Pancreas. 2020 Feb;49(2):216-223. doi: 10.1097/MPA.0000000000001487.
This study aimed to assess the pitfalls of the current International Association of Pancreatology guidelines (IAPCG2017) for pancreatic intraductal papillary mucinous neoplasm (IPMN) and identify the criteria for future guidelines.
Eighty surgically resected, consecutive IPMN cases were analyzed. Data including tumor site, IPMN duct type, and surgery type were collected. Based on radiological data, cases were retrospectively classified as high-risk stigmata (HRS) and non-HRS. Pathological grades and histological subtypes of IPMN cases were determined. Severe stromal sclerosis of the IPMN septa/marked parenchymal atrophy in the upstream pancreas was investigated pathologically. Positive/negative predictive values of the IAPCG2017 were calculated. Clinicopathological features of HRS-benign cases (pathologically benign IPMN cases meeting the HRS criteria) were extracted.
The positive/negative predictive values were 72.7%/64.0%, 70.0%/34.6%, and 54.0%/63.3% for IAPCG2017, HRS-main pancreatic duct, and HRS-nodule criteria, respectively. The 15 HRS-benign cases (18.8%) included 13 pancreatoduodenectomies and 10 cases of gastric pyloric (GP) gland subtype.

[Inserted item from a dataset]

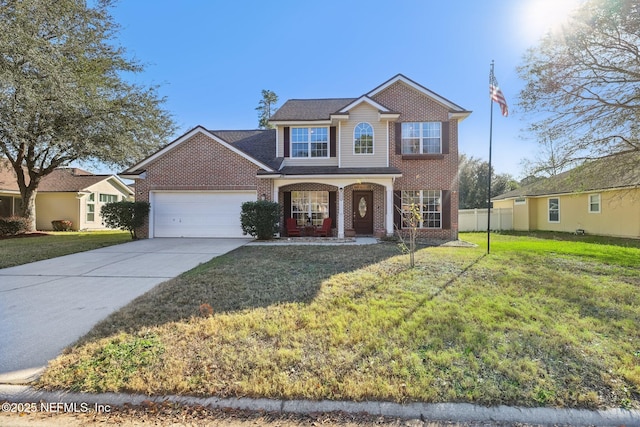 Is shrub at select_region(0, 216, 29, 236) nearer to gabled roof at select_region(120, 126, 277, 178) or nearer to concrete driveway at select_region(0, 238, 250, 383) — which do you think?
gabled roof at select_region(120, 126, 277, 178)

Severe upstream atrophy was significantly related to IPMN malignancy, unlike the severe sclerosis of IPMN septa.
Benign IPMNs of GP subtype are sometimes categorized as HRS with the IAPCG2017. Collecting data on the natural course of GP-IPMN is necessary. To evaluate upstream atrophy may be of value to predict IPMN malignancy.
本研究旨在评估当前国际胰腺病学会指南(IAPCG2017)在胰腺导管内乳头状黏液性肿瘤(IPMN)中的缺陷,并确定未来指南的标准。

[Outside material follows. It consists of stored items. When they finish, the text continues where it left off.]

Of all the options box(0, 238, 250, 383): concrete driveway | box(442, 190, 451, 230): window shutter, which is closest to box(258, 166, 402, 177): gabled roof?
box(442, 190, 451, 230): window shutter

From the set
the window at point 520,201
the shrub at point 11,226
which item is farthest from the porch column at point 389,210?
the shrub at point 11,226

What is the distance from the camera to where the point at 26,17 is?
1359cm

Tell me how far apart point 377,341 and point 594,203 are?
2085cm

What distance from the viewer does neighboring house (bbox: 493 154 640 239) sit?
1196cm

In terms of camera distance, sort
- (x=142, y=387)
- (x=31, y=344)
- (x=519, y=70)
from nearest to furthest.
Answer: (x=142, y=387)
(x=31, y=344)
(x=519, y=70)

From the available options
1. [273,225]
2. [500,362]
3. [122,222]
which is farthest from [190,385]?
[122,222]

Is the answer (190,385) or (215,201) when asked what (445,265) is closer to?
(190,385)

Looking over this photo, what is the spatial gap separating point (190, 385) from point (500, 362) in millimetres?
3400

分析了 80 例手术切除的连续 IPMN 病例。收集了包括肿瘤部位、IPMN 导管类型和手术类型在内的数据。根据影像学数据,将病例回顾性地分为高危特征(HRS)和非 HRS。确定了 IPMN 病例的病理分级和组织学亚型。病理上研究了 IPMN 隔/上游胰腺实质明显萎缩的严重间质硬化。计算了 IAPCG2017 的阳性/阴性预测值。提取了 HRS-良性病例(符合 HRS 标准的病理良性 IPMN 病例)的临床病理特征。

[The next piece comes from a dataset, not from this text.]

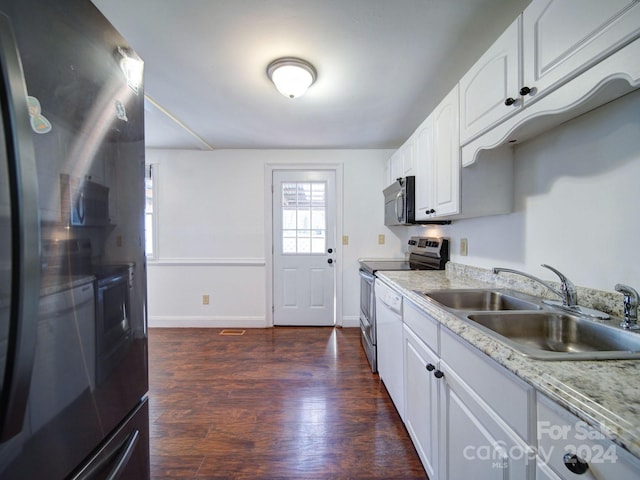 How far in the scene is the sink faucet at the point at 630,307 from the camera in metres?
0.85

IAPCG2017、HRS-主胰管和 HRS-结节标准的阳性/阴性预测值分别为 72.7%/64.0%、70.0%/34.6%和 54.0%/63.3%。15 例 HRS-良性病例(18.8%)包括 13 例胰十二指肠切除术和 10 例胃幽门(GP)腺型。上游严重萎缩与 IPMN 恶性显著相关,而不像 IPMN 隔的严重硬化那样。
GP 型的良性 IPMN 有时会被归类为 HRS,需要收集 GP-IPMN 的自然病程数据。评估上游萎缩可能对预测 IPMN 恶性有价值。